09 August 2017
Now in its 50th-anniversary year, Hake’s Americana cemented its reputation as the home of million-dollar pop culture sales
Now in its 50th-anniversary year, Hake’s Americana cemented its reputation as the home of million-dollar pop culture sales, and then some, in achieving a $1.1 million total on 11 and 13 July. In its second auction outing of 2017, Hake’s two-session online-only event blazed to new record highs in several categories, with political memorabilia and comic art putting in especially strong performances.
Comic books and comic art were unstoppable. There were hundreds of CGC and CBCS-graded comic books from which to choose. Lassoing the top spot in the category was a scarce issue of All Star Comics #8, featuring the first appearance of Wonder Woman. Acknowledged as one of the most important issues in the history of DC Comics, Hake’s example of All Star Comics #8 cashed out at $31,925, a record price for a certified copy.

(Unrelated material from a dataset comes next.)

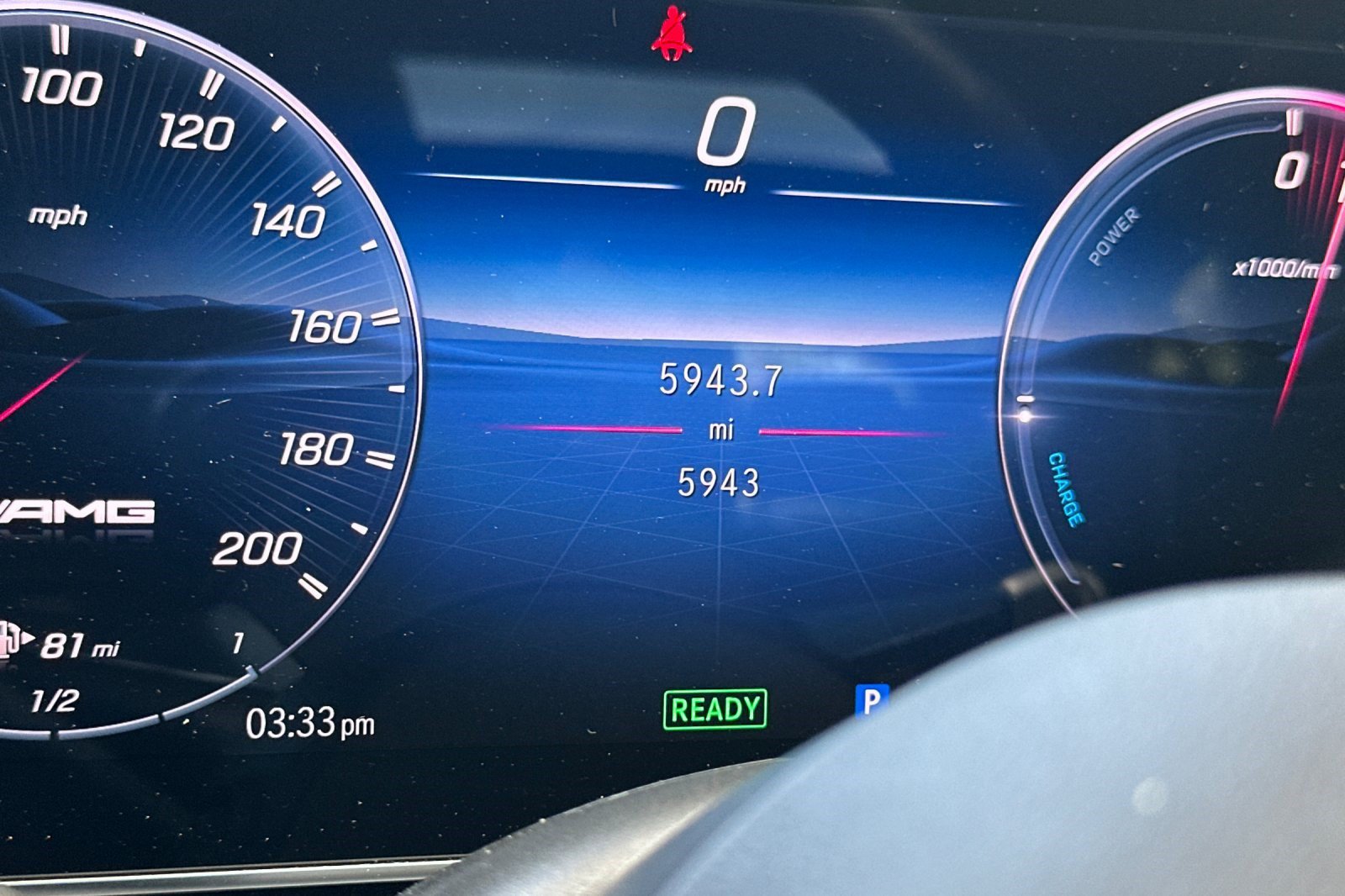 Certified 2025 Mercedes-Benz C 36 AMG S image 21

Comic art collectors were presented with a tantalizing opportunity. Within the selection of hundreds of one-of-a-kind pieces of original art from comic strips, comic books and other media, there were 22 lots of Mike Zeck’s art created for Captain America #265. The cover art plus all 21 interior story pages from the January 1982 comic book were auctioned consecutively and sold to various bidders for a total of $35,325.
ose Luis Garcia-Lopez’s original pen-and-ink art for a DC Comics’ 1982 Justice League of America licensing style guide was entered in the sale with a $5,000-$10,000 estimate, but summoning all its superpowers, it landed at $12,214.
“There was very active bidding for the comic books and comic art in our July sale,” said Alex Winter, president of Hake’s Americana. “It continues to be one of the fastest-rising collector categories, in part because everyone can relate to comic books and superheroes. Also, it’s possible to start a collection modestly or to aim for the very top, price wise. Anyone can join the hobby and really enjoy it.”
Once again at Hake’s, concert posters rocked the house. A 1955 Bill Haley and His Comets “boxing-style” poster advertising a show in Berks County, Pa., crushed its $2,000-$5,000 estimate to take a final bow at $17,785. A 1964 Caravan of Record Stars concert poster featuring the Supremes also sailed past its estimate to make $9,540 – nearly five times its pre-sale estimate.